-- MATERIAL TO PROCESS follows --

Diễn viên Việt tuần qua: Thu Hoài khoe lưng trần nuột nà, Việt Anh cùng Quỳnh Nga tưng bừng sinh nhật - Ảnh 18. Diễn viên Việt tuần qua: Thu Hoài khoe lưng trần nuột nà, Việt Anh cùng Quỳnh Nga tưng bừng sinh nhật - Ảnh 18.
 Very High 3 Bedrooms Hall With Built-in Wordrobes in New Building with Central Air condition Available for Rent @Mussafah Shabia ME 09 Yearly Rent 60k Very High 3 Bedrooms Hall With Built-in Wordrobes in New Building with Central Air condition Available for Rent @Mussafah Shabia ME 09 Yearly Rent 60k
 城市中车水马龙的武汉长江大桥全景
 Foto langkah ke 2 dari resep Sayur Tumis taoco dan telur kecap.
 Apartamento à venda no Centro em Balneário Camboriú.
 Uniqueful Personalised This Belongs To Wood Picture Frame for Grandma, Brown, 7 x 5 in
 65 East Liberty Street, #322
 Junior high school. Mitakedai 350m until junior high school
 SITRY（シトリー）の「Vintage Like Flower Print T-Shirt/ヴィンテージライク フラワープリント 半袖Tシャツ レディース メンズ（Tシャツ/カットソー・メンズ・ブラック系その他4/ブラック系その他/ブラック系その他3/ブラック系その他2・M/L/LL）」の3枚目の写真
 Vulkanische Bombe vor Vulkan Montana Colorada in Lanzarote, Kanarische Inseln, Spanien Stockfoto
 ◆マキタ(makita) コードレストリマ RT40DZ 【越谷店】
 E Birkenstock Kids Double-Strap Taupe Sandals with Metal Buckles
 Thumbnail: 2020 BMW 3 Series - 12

-- MATERIAL TO PROCESS concluded --

**REQUIREMENT**
Copying begins at the line that holds "E Birkenstock Kids" and ends at the last line of the data above, with both included and each line kept exactly.

**TASK RESULT**
 E Birkenstock Kids Double-Strap Taupe Sandals with Metal Buckles
 Thumbnail: 2020 BMW 3 Series - 12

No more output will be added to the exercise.